Avant ces partis politiques, 329 autres sont enregistrés dans le fichier politique national. Ils sont agréés au fil du temps, depuis le retour au multipartisme en 1990 pour jouer le même rôle et apporter la même contribution. Toutefois, les formations politiques qui se démarquent par leurs performances et leur activité sur le terrain sont une dizaine à peine.
À l’Assemblée nationale, seuls huit partis sont représentés. À l’issue des élections législatives du 09 février 2020, le RDPC a remporté 152 sièges, l’UNDP 07, le SDF 05, le PCRN 05, l’UDC 04, le FSNC 03, le MDR 02 et l’UMS 02. Au Sénat, outre le RDPC qui occupe 95% de sièges, il faut ajouter l’ANDP, le MDR, l’UPC, le SDF et l’UNDP. La réalité est presque la même pour ce qui est des municipales et régionales.
C’est que, en dehors du RDPC qui est implanté dans tous les arrondissements des 10 régions, les autres partis ont une présence encore réduite.
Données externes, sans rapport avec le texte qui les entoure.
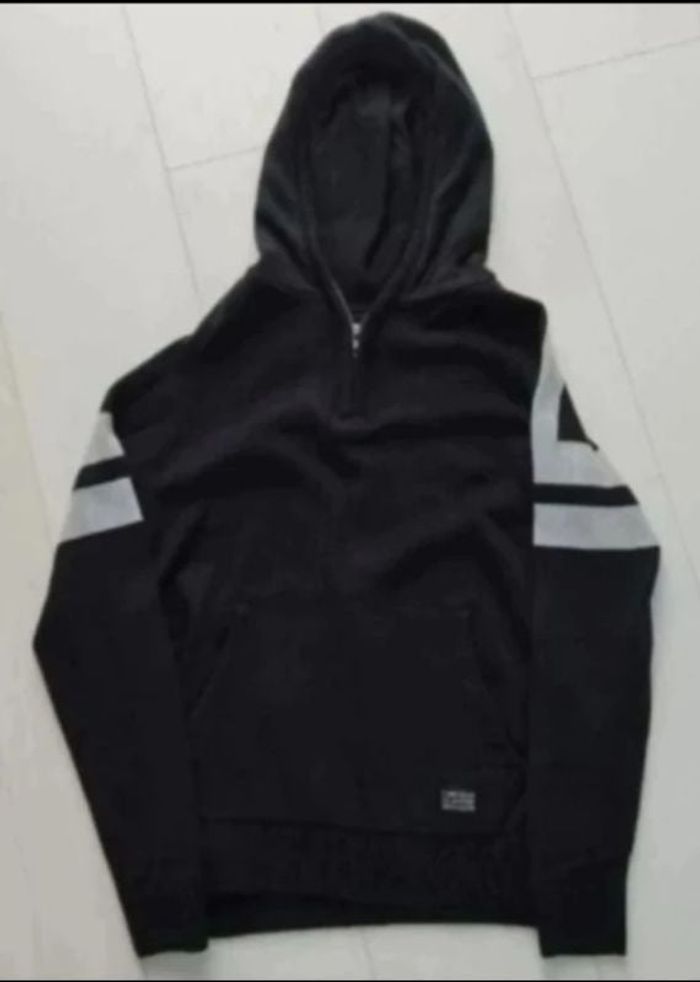 Pull à capuche 10-12 ans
Certaines ont une base communale, régionale, ou encore influencent dans deux à quatre régions. Quelques-uns restent présents dans un cercle amical ou familial. Tous sont plus ou moins actifs à l’approche des échéances électorales. C’est aussi à cette période que plusieurs voient le jour.
Ainsi, cette multiplication de formations politiques est plutôt défavorable à l’opposition qui continue de s’émietter. Des partis se vident de leurs cadres influents lorsqu’ils ne se divisent pas en plusieurs factions. Ce qui contribue à les fragiliser davantage face au parti au pouvoir qui travaille à consolider son leadership chaque jour.
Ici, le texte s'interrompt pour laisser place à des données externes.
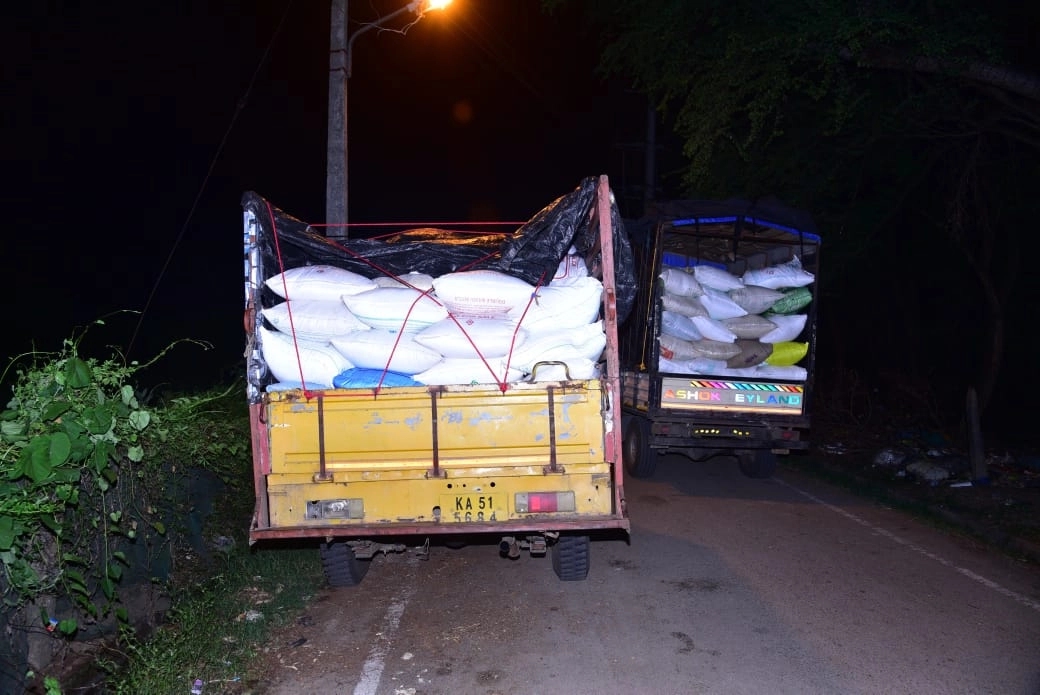 72.25 ಕ್ವಿಂಟಾಲ್ ಅನ್ನಭಾಗ್ಯ ಅಕ್ಕಿ ವಶ, ಎರಡು ವಾಹನಗಳು ಸೀಜ್, ಆರೋಪಿಗಳು ಪರಾರಿ! - News Karnataka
En 2017, le pays alignait environ 300 formations politiques pour moins de 25 millions d’habitants. Question simple : quel est le rôle des partis politiques ? La réponse la plus simple que l’on trouve dans les dictionnaires spécialisés en la matière, c’est qu’ils participent à l’animation de la vie politique. Dans le cas spécifique du Cameroun, l’article 3 de la Constitution précise que « les partis et formations politiques concourent à l’expression du suffrage. Ils doivent respecter les principes de la démocratie, de la souveraineté et de l’unité nationales. IIs se forment et exercent leurs activités conformément à la loi ». Cette loi, c’est celle N°90/056 du 19 décembre 1990 portant sur la création des partis politiques qui, en son article premier, reprend les dispositions constitutionnelles ci-dessus. Cette loi promulguée à la fin de l’année 1990, a vu les premières formations politiques apparaître quelques mois plus tard. Rien que pour la seule année 1991, 57 partis politiques ont été légalisés, comme on peut le découvrir dans le dernier ouvrage de Bernard Messengue Avom publié en 2017 aux Editions CLE : « La représentation politique au Cameroun : Genèse et particularités ». II faut d’ailleurs souligner que cette année-là est aussi celle qui a vu naître le plus de formations politiques au Cameroun. Preuve sans doute de l’aspiration des Camerounais à exprimer librement leurs opinions et à ne plus prendre le maquis pour le faire, comme l’avait souhaité quelques années auparavant, le président de la République, Paul Biya. Aujourd’hui, le pays dépasse la barre des 300 partis politiques officiellement légalisés. Un record qui traduit sans doute la soif des Camerounais de faire valoir leurs idées à travers ces regroupements.